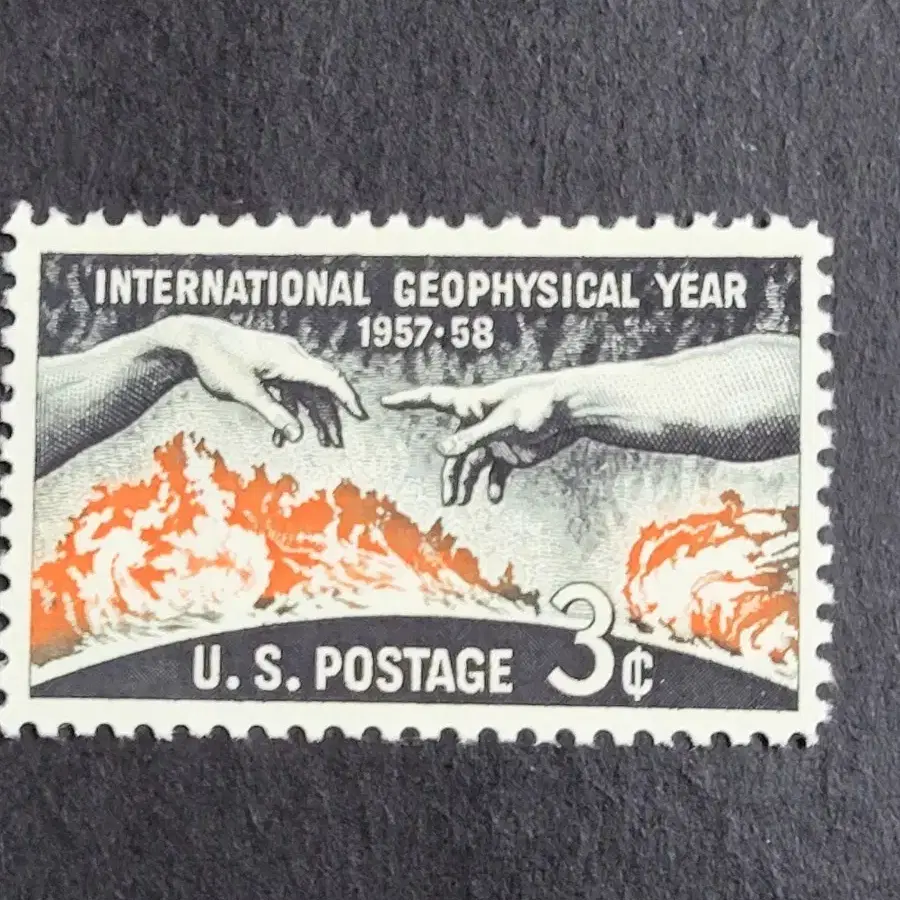 (미국우표)1958년 국제지구관측년 기념 우표 INTERNATIONAL GEOPHYSICAL YEAR 1957-58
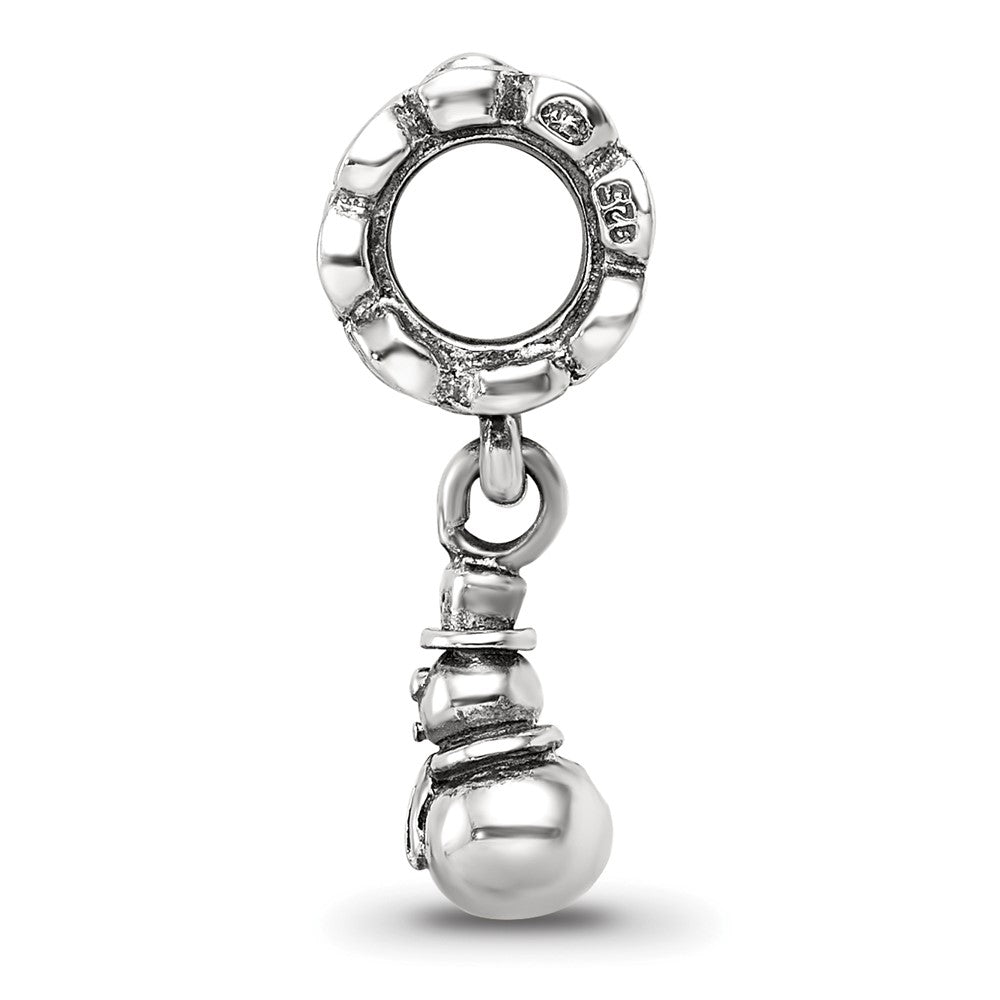 Sterling Silver Reflections Snowman Dangle Bead
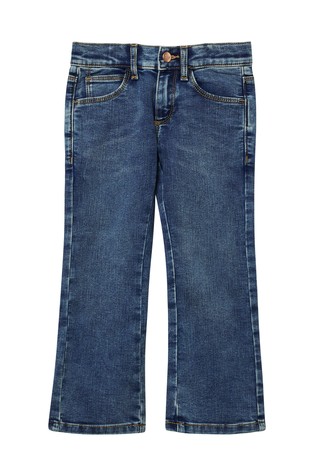 Regular fit jeans with flared leg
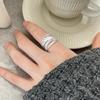 Adjustable Multi-layer Intersecting Lines Ring for Women - Fashionable Hip Hop & Cool Style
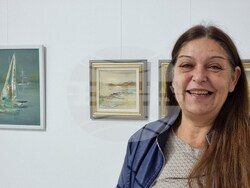 Ямбол - коледна изложба - откриване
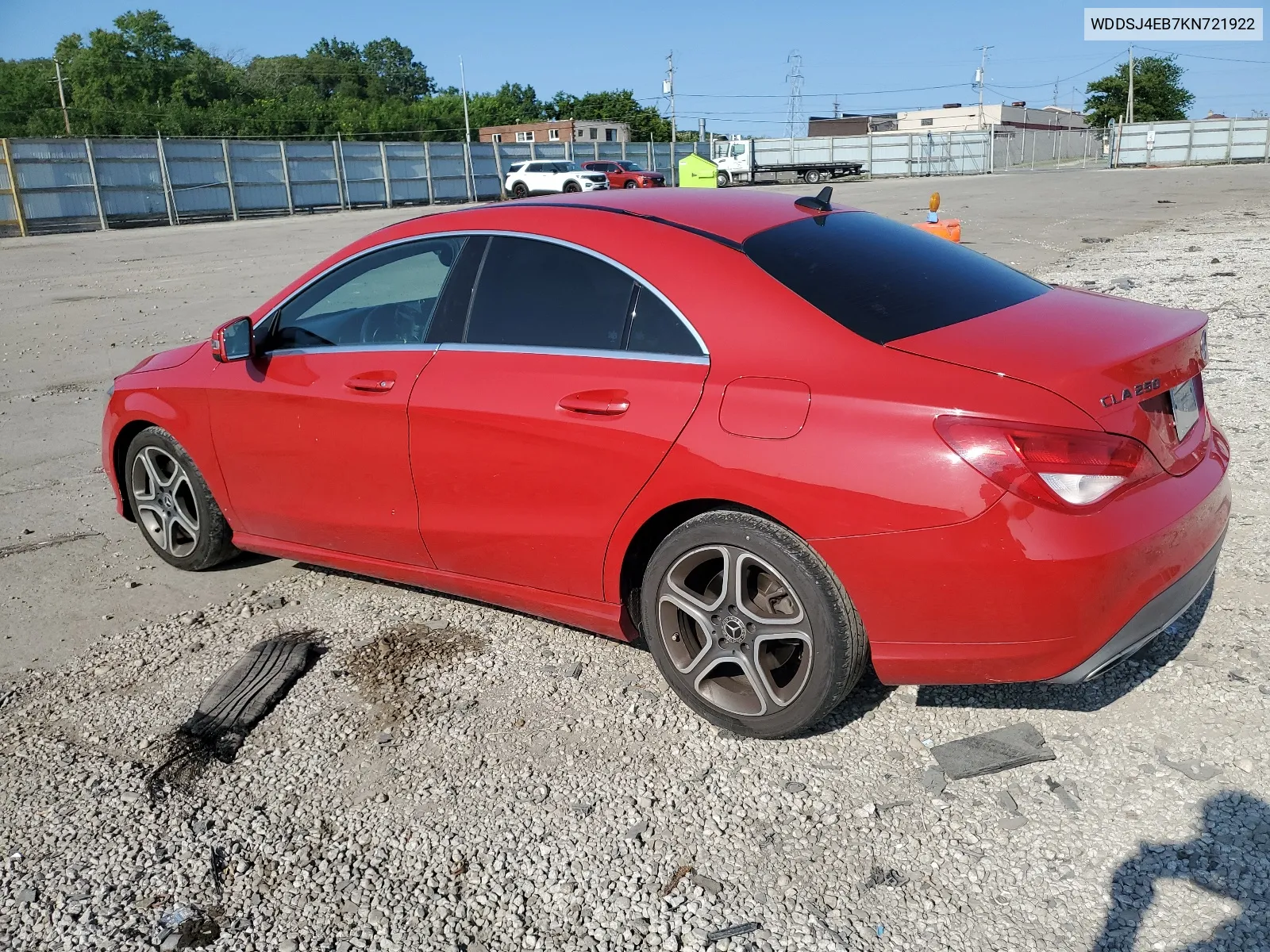 2019 Mercedes-Benz Cla 250 VIN: WDDSJ4EB7KN721922 Lot: 64978334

PROBLEM DETAILS -
Text only, no pictures: copy every entry exactly.

THE COMPLETED TASK -
 (미국우표)1958년 국제지구관측년 기념 우표 INTERNATIONAL GEOPHYSICAL YEAR 1957-58
 Sterling Silver Reflections Snowman Dangle Bead
 Regular fit jeans with flared leg
 Adjustable Multi-layer Intersecting Lines Ring for Women - Fashionable Hip Hop & Cool Style
 Ямбол - коледна изложба - откриване
 2019 Mercedes-Benz Cla 250 VIN: WDDSJ4EB7KN721922 Lot: 64978334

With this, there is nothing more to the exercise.